Copyright 1993 BPI Communications, Inc.

BPI Entertainment News Wire

May 21, 1993, Friday

LENGTH: 427 words

HEADLINE: Aimee Mann sheds old persona for new clip

BYLINE: By DEBORAH RUSSELL, Billboard

DATELINE: LOS ANGELES

BODY:

She's not the typical woman one ordinarily sees in music video. She's fully clothed, she wears little makeup, and she's got a sense of humor.

Her name is Aimee Mann, and her debut solo video, "I Should've Known," is an offbeat celebration of the freedom that comes with the end of a bad relationship.

The scene opens on a casually clad Mann collecting the possessions of a former lover - jockstrap and all - running out into the snow, lighting a bonfire, and prancing about with a bottle of champagne.

"It's unusual to see a woman in a video who isn't portrayed as a bimbo or as some 'tough chick,' " says director Katherine Dieckmann, who made her directorial debut with R.E.M.'s "Stand" and whose other credits include videos for New Order, Indigo Girls, and Throwing Muses.

But in this video, Mann portrays no one but herself. It's a switch from the persona she had created as the lead singer of 'Til Tuesday, and puts the final touch on her re-entry onto the video airwaves after a hiatus from the public eye.

"Aimee wanted to break out of the whole 'Til Tuesday image of the heartbroken, lovesick girl raging about relationships," Dieckmann says. "So we decided to treat this breakup with some black humor. I was pushing more of the angry woman thing with the whole burning of the boyfriend's stuff, but Aimee wanted it to be funny, like 'thank you; you did me the biggest favor by leaving.' "

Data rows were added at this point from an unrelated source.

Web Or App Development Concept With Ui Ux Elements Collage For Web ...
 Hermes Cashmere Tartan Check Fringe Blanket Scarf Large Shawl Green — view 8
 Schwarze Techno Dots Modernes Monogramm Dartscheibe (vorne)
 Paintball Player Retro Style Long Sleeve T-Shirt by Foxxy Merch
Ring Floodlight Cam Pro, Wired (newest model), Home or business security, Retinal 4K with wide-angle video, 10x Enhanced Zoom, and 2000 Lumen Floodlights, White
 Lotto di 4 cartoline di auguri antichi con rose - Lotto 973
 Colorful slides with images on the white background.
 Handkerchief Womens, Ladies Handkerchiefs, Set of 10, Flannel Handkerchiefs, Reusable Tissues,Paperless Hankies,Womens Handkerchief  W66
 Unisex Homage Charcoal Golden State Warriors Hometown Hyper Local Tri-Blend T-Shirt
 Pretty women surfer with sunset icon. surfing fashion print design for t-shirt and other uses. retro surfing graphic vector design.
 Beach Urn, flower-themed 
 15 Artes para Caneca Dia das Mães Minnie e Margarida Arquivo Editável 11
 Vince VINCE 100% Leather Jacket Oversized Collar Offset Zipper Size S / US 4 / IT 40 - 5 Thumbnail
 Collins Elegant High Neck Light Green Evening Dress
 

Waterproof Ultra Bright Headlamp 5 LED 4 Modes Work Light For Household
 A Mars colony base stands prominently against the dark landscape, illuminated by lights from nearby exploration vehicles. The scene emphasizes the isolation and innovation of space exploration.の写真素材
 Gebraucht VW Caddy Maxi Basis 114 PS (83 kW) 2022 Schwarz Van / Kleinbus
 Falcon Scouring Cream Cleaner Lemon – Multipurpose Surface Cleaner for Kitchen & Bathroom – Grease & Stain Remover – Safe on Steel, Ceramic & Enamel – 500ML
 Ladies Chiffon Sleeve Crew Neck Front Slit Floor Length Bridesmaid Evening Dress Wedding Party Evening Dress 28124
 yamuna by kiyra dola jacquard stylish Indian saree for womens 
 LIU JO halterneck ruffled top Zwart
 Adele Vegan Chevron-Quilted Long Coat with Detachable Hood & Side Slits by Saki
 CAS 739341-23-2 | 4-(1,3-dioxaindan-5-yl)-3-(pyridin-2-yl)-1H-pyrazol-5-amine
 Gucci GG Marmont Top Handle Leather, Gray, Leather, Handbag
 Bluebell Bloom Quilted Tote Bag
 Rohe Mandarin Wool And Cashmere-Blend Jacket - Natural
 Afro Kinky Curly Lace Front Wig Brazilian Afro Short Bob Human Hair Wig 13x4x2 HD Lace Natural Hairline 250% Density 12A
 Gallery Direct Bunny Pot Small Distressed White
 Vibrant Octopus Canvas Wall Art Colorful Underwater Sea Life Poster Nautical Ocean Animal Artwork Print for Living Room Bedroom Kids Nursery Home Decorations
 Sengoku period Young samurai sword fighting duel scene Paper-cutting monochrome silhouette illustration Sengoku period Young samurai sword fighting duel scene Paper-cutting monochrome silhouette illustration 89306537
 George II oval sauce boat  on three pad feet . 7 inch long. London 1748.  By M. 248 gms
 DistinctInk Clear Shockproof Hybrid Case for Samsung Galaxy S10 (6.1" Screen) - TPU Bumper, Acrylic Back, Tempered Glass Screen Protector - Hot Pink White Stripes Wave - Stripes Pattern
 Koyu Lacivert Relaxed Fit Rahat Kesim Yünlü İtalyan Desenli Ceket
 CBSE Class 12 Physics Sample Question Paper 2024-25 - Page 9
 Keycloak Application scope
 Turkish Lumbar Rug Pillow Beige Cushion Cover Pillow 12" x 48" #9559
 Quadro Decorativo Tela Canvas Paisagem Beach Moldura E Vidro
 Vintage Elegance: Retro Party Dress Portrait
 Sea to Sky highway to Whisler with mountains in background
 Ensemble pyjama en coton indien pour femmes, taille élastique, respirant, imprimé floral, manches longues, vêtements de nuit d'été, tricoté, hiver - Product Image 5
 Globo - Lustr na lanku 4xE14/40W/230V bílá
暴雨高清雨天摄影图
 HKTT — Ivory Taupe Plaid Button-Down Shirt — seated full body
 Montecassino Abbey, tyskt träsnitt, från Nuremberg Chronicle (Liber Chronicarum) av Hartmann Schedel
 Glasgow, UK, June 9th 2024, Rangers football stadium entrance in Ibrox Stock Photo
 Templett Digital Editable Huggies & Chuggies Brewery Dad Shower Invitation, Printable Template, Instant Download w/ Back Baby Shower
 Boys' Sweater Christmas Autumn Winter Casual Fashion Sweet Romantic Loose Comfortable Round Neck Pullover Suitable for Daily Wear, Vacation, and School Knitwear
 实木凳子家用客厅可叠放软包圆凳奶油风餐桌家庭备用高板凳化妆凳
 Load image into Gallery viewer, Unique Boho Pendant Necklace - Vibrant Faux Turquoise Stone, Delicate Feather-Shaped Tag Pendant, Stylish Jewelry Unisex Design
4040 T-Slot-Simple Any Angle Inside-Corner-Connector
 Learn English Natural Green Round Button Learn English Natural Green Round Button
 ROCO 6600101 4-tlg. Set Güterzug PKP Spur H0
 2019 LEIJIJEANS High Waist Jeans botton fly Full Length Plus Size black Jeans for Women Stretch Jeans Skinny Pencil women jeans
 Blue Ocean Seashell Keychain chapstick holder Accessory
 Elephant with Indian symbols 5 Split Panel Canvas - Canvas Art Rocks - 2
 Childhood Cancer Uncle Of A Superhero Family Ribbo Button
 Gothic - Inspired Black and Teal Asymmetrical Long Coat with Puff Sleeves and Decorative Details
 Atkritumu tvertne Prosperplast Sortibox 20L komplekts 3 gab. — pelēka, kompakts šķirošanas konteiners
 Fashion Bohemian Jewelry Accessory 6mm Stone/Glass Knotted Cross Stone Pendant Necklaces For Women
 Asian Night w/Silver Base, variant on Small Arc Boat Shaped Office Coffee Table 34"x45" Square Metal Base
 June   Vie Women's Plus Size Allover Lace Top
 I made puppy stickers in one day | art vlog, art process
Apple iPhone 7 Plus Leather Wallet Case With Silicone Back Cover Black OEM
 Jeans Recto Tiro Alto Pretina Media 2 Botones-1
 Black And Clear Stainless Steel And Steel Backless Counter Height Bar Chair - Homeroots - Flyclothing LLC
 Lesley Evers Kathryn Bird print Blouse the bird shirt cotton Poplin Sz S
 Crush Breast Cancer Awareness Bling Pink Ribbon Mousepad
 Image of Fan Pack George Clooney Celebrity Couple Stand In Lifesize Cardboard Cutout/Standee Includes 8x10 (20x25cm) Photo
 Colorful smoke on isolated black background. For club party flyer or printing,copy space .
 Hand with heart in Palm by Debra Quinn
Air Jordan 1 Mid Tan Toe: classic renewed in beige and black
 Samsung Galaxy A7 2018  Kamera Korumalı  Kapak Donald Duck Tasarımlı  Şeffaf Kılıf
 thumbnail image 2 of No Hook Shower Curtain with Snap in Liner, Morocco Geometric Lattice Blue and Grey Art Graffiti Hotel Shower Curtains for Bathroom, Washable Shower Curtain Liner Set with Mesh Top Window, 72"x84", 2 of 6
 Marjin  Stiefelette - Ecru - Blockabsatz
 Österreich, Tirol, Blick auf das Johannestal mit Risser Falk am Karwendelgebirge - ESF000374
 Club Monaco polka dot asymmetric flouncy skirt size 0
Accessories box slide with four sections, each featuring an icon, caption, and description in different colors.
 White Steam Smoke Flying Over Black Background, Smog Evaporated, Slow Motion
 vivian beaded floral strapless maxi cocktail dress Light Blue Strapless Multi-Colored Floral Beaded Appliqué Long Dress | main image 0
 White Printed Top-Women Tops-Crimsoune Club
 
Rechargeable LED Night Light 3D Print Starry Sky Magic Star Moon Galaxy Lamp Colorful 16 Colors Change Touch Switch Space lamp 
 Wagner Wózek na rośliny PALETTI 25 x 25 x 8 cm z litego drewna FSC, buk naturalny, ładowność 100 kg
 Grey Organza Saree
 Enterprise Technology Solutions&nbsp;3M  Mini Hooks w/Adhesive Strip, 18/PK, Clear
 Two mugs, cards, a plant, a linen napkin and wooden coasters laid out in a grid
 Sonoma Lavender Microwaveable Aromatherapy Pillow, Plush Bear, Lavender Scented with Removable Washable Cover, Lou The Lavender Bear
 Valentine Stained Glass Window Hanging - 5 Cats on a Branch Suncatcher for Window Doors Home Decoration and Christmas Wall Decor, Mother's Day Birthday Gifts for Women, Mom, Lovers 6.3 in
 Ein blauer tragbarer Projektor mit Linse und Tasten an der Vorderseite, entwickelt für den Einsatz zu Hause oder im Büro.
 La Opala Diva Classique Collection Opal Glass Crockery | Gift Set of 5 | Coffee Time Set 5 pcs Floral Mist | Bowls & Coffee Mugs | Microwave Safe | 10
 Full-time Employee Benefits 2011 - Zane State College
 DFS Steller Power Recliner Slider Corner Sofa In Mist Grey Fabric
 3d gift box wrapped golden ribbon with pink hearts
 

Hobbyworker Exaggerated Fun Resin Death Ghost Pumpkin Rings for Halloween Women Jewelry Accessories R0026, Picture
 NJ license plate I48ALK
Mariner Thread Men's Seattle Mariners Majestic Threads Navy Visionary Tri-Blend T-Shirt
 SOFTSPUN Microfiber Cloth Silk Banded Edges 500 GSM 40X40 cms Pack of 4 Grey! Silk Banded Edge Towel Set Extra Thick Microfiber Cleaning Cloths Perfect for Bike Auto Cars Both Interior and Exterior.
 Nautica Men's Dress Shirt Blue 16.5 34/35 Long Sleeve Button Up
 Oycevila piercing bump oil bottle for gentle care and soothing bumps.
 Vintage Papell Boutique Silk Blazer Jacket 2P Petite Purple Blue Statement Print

Mann truly is flying solo in the video; she is the only person who appears on screen. Dieckmann and a skeleton crew spent two days shooting the charming, low-budget clip in an empty house on a lake outside the director's hometown of Ithaca, N.Y.

"We wanted to shoot down south and have a spring feeling," Dieckmann says. "But then we got hit with the storm of the century and we couldn't really go anywhere that wasn't covered in snow anyway."

Icy exteriors feature a freezing Mann riding a bicycle, playing air guitar, and planting artificial sunflowers in a thigh-high snowbank.

Her only true co-stars in the clip are a trio of Charlie McCarthy dummies, which happen to come from her own collection. In fact, most of the props in the video, except a specially created Monopoly-esque board game named "Monobstacle," were culled from Mann's possessions or from the belongings of crew members, friends, and other Ithaca locals.

"Aimee is an extremely intelligent and funny woman" Dieckmann adds, "and that hadn't come through in her public persona until now."